DESCRIPTION OF THE TASK => In the material below, find the span from the line with "Outsunny 52L Wooden" to the line with "Canapé 3 places" and transcribe only those lines, exactly, ends included, without the pictures.

*** MATERIAL TO PROCESS Section Begins ***

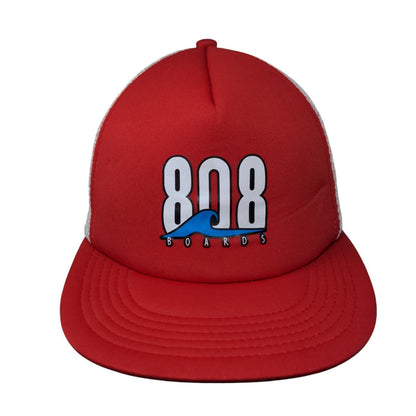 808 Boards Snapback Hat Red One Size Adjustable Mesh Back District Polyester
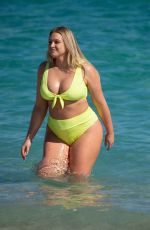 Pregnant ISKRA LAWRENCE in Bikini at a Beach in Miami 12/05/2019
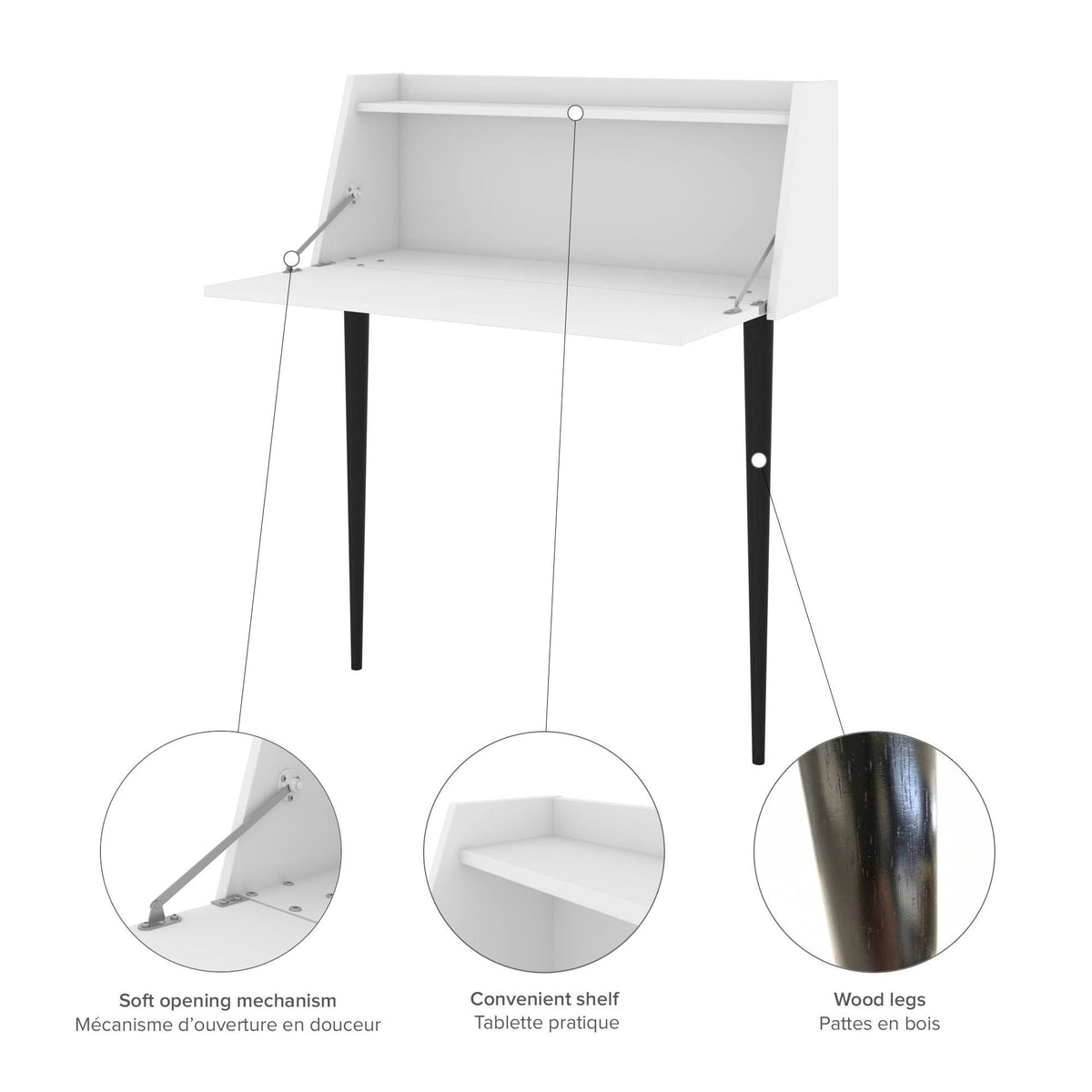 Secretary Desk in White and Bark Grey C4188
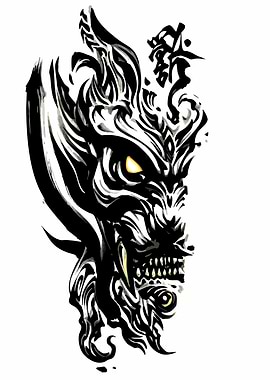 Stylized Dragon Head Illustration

*** MATERIAL TO PROCESS Section Ends ***
*** MATERIAL TO PROCESS Section Begins ***

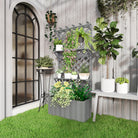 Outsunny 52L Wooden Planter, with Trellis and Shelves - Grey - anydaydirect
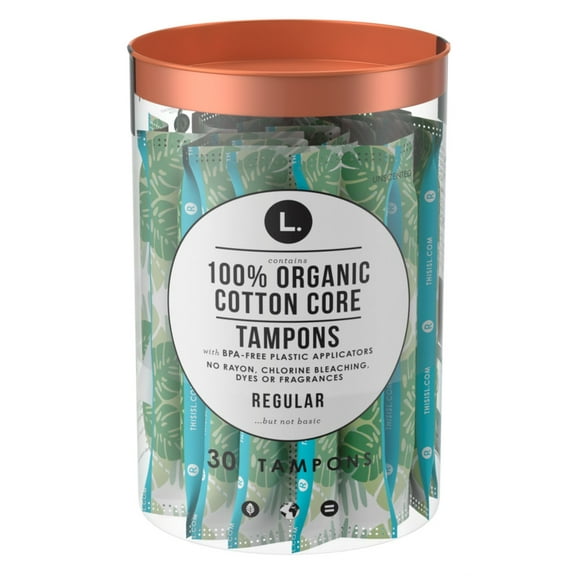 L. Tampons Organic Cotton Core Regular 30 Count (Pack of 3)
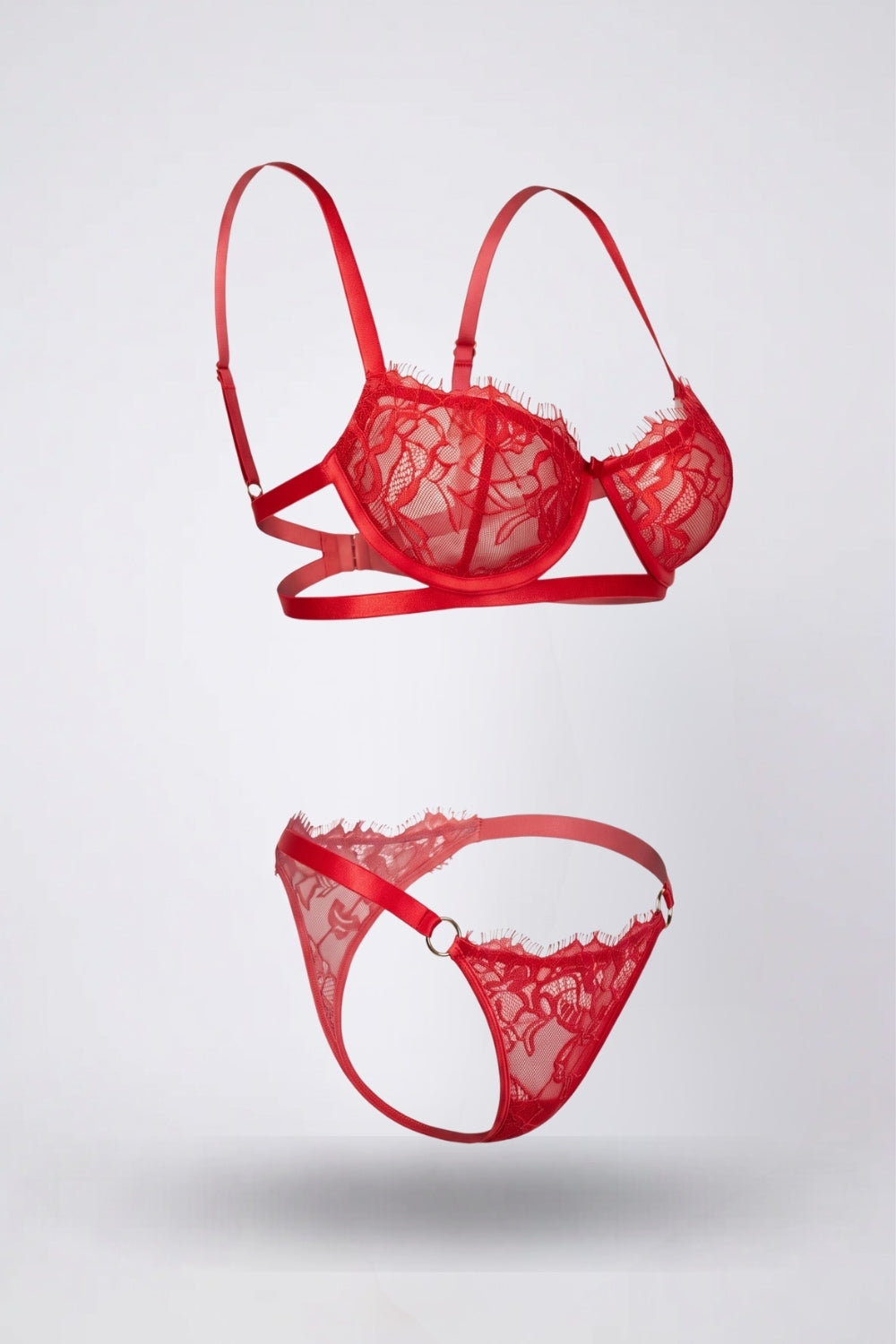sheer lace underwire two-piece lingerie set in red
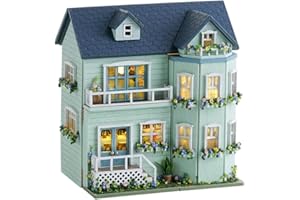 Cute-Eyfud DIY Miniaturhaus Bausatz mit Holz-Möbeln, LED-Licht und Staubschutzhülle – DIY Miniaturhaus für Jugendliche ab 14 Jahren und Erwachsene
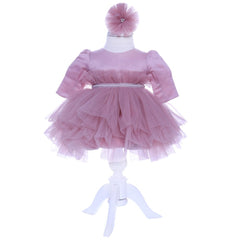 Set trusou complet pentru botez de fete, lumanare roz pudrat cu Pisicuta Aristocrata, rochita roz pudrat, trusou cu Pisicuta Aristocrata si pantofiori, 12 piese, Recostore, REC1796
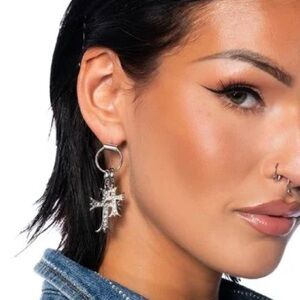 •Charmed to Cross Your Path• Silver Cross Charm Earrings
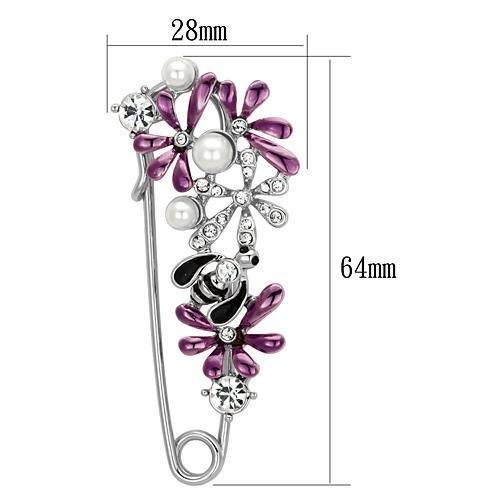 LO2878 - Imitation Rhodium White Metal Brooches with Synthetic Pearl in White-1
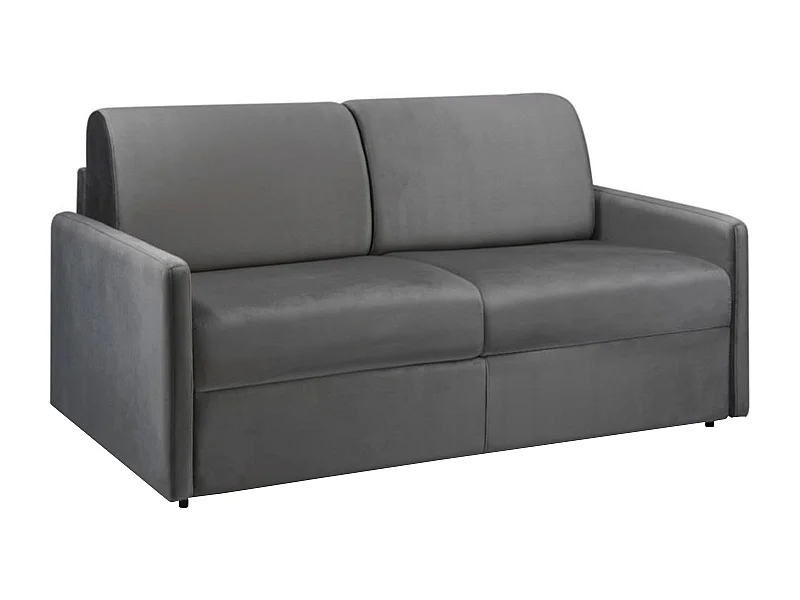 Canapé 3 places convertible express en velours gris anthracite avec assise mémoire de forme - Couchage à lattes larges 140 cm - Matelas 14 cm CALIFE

*** MATERIAL TO PROCESS Section Ends ***

RESPONSE BOX =>
 Outsunny 52L Wooden Planter, with Trellis and Shelves - Grey - anydaydirect
 L. Tampons Organic Cotton Core Regular 30 Count (Pack of 3)
sheer lace underwire two-piece lingerie set in red
 Cute-Eyfud DIY Miniaturhaus Bausatz mit Holz-Möbeln, LED-Licht und Staubschutzhülle – DIY Miniaturhaus für Jugendliche ab 14 Jahren und Erwachsene
 Set trusou complet pentru botez de fete, lumanare roz pudrat cu Pisicuta Aristocrata, rochita roz pudrat, trusou cu Pisicuta Aristocrata si pantofiori, 12 piese, Recostore, REC1796
 •Charmed to Cross Your Path• Silver Cross Charm Earrings
 LO2878 - Imitation Rhodium White Metal Brooches with Synthetic Pearl in White-1
 Canapé 3 places convertible express en velours gris anthracite avec assise mémoire de forme - Couchage à lattes larges 140 cm - Matelas 14 cm CALIFE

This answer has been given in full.